• **PROBLEM TO WORK ON**
As you print the data below, keep every line exactly as it is and leave the images behind.

• **THE DATA**
_ _ _ _ _

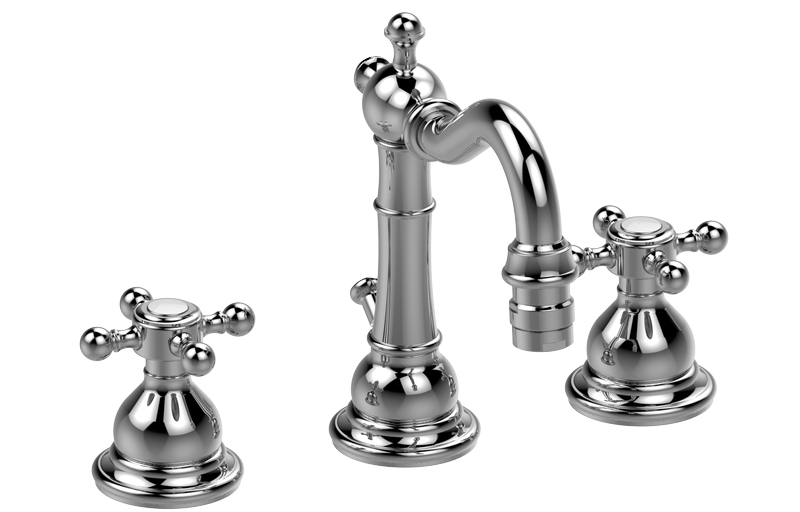 E-2561-C2 Three-hole bidet mixer with manual pop-up waste GRAFF Adley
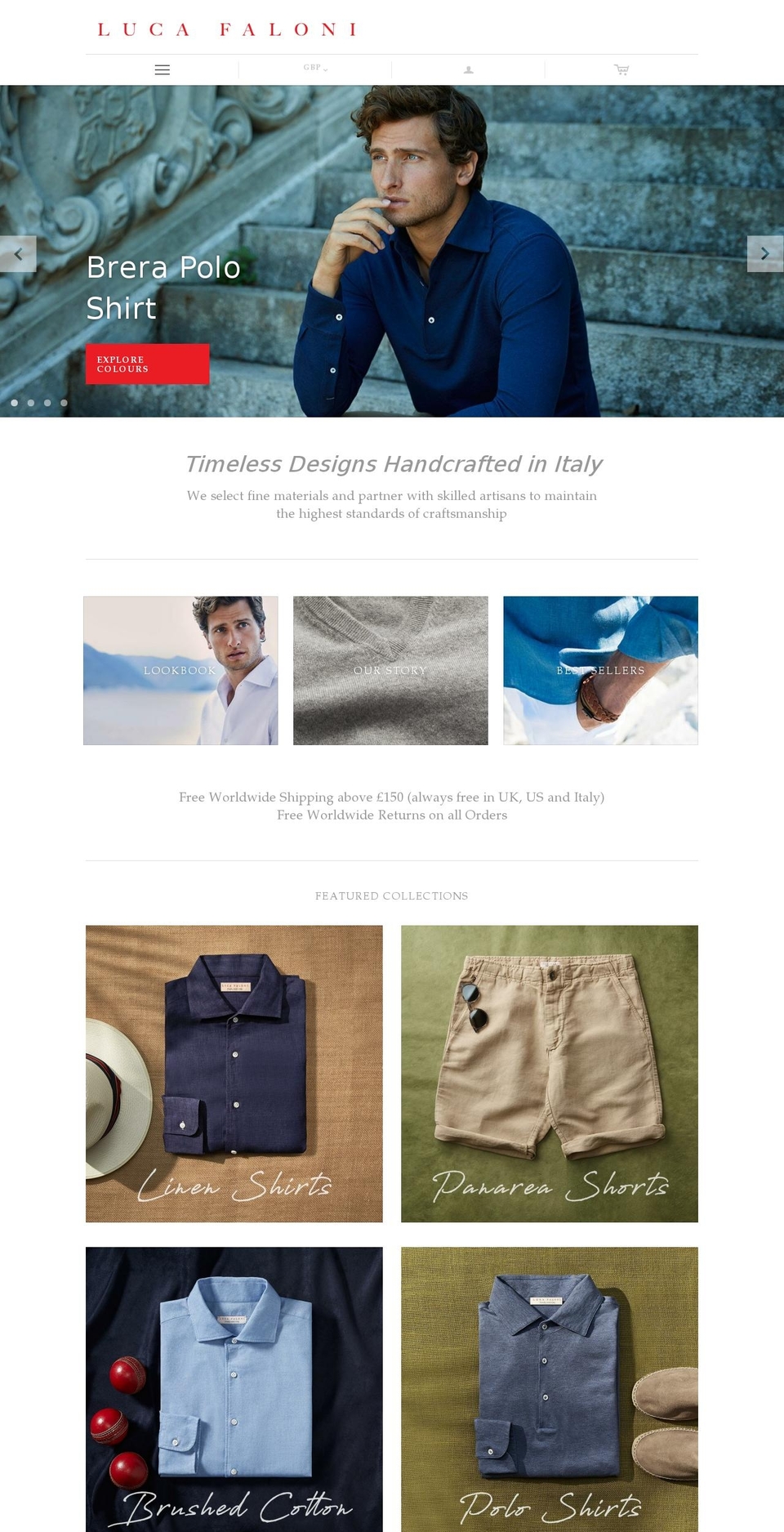 lucafaloni.org shopify website screenshot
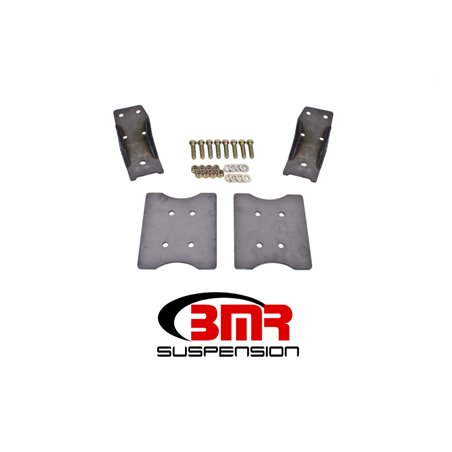 BMR 79-04 Fox Mustang Lower Torque Box Reinforcement Plates - Natural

_ _ _ _ _

• **RESPONSE TO THIS TASK**
 E-2561-C2 Three-hole bidet mixer with manual pop-up waste GRAFF Adley
 lucafaloni.org shopify website screenshot
 BMR 79-04 Fox Mustang Lower Torque Box Reinforcement Plates - Natural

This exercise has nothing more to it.